Data Manipulation - reshape2 and plyr

Prepared by Umihiko Hoshijima, Inspiration/Material from Sean Anderson in Reshape2 and plyr

Reshaping data in R

As scientists, we format datasheets to make our data entry intuitive. However, different forms of data analysis in R can require data in different formats. Manipulating data for various analyses and visualization can be facilitated by the package reshape2.

For our example, we will look at our dataset iris, which is a famous statistics dataset that measures the length and width of both sepals and petals on three species of irises (50 individuals each, 150 flowers total). You used iris for your previous ggplot lesson.

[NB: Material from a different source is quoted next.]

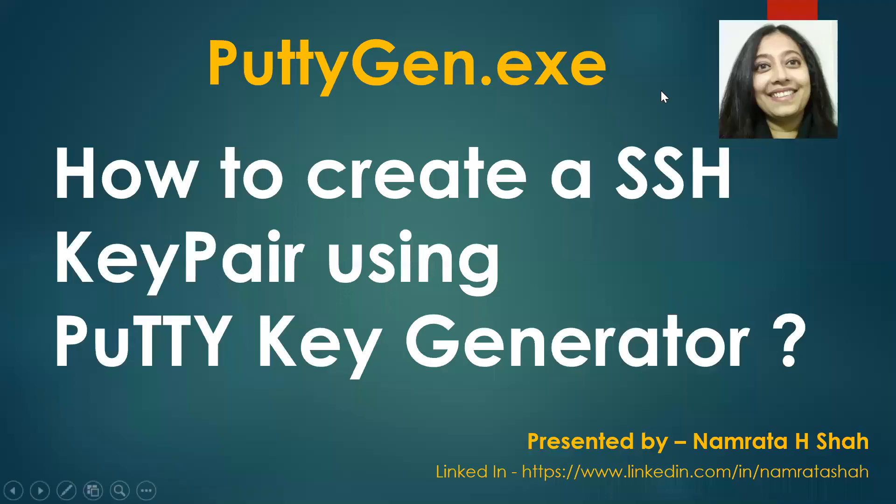Hello all and welcome to this tutorial. In our tutorial today we will learn how to create an SSH key pair using Putty Key Generator, also known as puttygen.exe.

Iris setosa, one of the species you will be looking at. Wikipedia Commmons

This data seems perfectly formatted for many of the plots you conducted. Each individual has a single row, with columns corresponding to the individual measurements as well as the species. Now let's now do a boxplot, comparing the distribution of Sepal.Length between each species:

ggplot(iris, aes(x = Species, y = Sepal.Width)) + geom_boxplot()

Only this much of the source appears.